Daily spot prices by region are available on the EIA website.
International futures prices: International natural gas futures prices increased this report week. According to Bloomberg Finance, L.P., weekly average front-month futures prices for liquefied natural gas (LNG) cargoes in East Asia increased 80 cents to a weekly average of $14.63/MMBtu. Natural gas futures for delivery at the Title Transfer Facility (TTF) in the Netherlands increased $1.32 to a weekly average of $12.61/MMBtu, the highest weekly average since late April.

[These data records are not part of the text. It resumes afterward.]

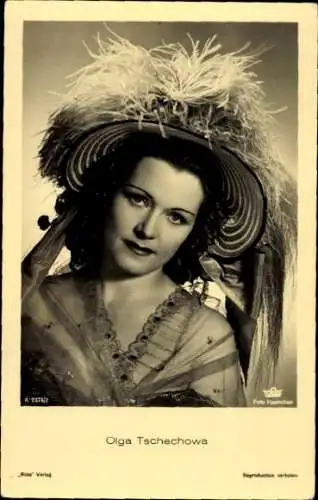 Ak Schauspielerin Olga Tschechowa, Portrait, Hut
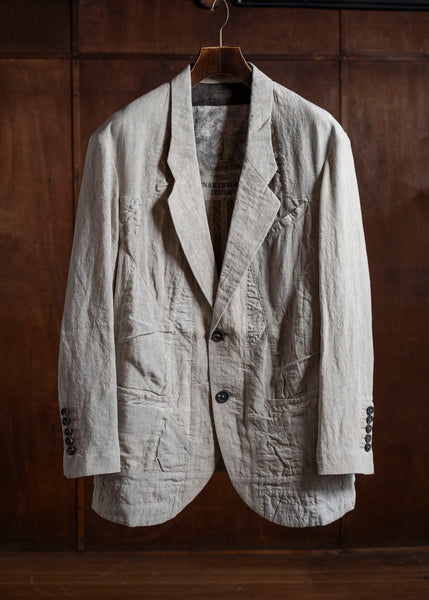 ZIGGY CHEN 0M2510914 Hidden Patchwork 2 Button Jacket LIGHT GRAY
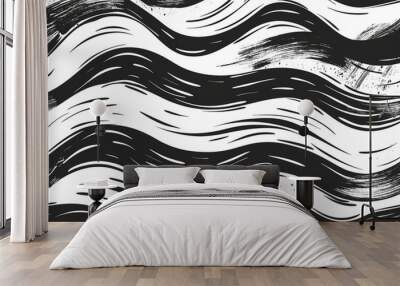 black and white abstract background, Wavy and swirled brush strokes vector seamless pattern. Bold curved lines and squiggles ornament Wall mural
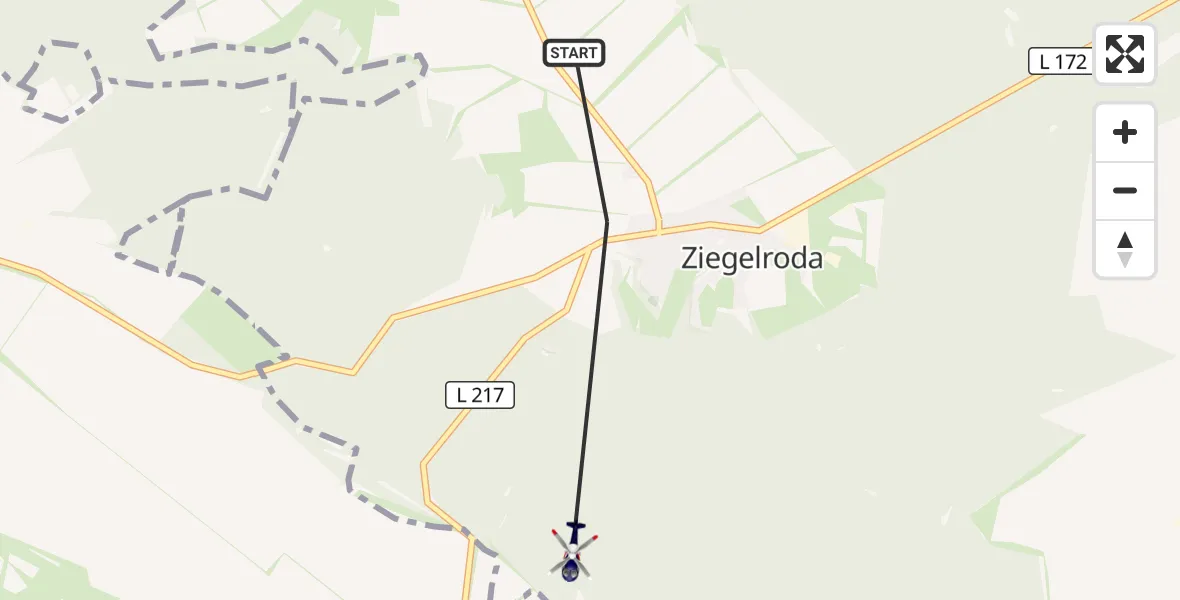 Flugroute Polizeihubschrauber Querfurt - Querfurt, 26 Juli 2026, 18:39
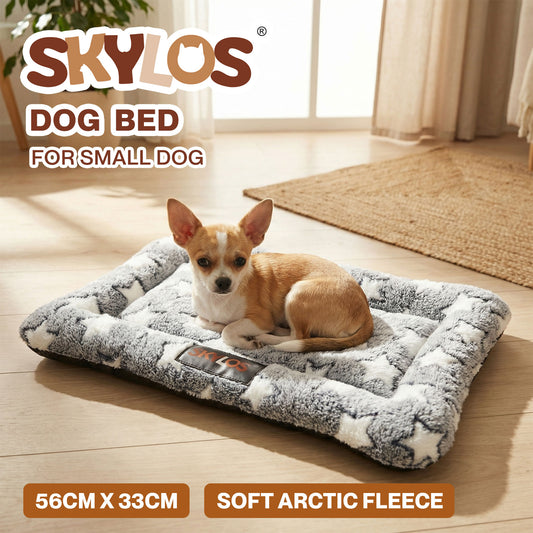 Skylos Dog Bed Arctic Fleece Soft Pet Cushion Mattress Small Dog Puppy Crate Mat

In the same week last year (week ending September 28, 2022), the prices were $39.77/MMBtu in East Asia and $53.45/MMBtu at TTF. Natural gas plant liquids (NGPL) prices: The natural gas plant liquids composite price at Mont Belvieu, Texas, fell by 47 cents/MMBtu, averaging $7.41/MMBtu for the week ending September 27. Weekly average ethane prices fell 11%, while weekly average natural gas prices at the Houston Ship Channel fell 2% week over week, narrowing the ethane premium to natural gas by 21%. Ethylene spot prices remained relatively unchanged, widening the ethylene premium to ethane by 11%. The average weekly propane price fell 6%, while the Brent crude oil price fell 1%. The propane discount relative to crude oil rose 4%. The normal butane price fell 5%, and the isobutane price and natural gasoline price both fell 3%.
Supply and Demand
Supply: According to data from S&P Global Commodity Insights, the average total supply of natural gas rose by 0.1% (0.1 Bcf/d) compared with the previous report week. Dry natural gas production remained unchanged at an average 101.2 Bcf/d, and average net imports from Canada increased by 2.0% (0.1 Bcf/d) from last week. Demand: Total U.S. consumption of natural gas rose by 1.3% (0.9 Bcf/d) compared with the previous report week, according to data from S&P Global Commodity Insights. Natural gas consumed for power generation rose by 1.2% (0.4 Bcf/d) week over week. Industrial sector consumption decreased by 1.0% (0.2 Bcf/d), and residential and commercial sector consumption increased by 7.4% (0.6 Bcf/d). Natural gas exports to Mexico increased by 1.5% (0.1 Bcf/d). Natural gas deliveries to U.S. LNG export facilities (LNG pipeline receipts) averaged 11.8 Bcf/d, or 1.2 Bcf/d lower than last week.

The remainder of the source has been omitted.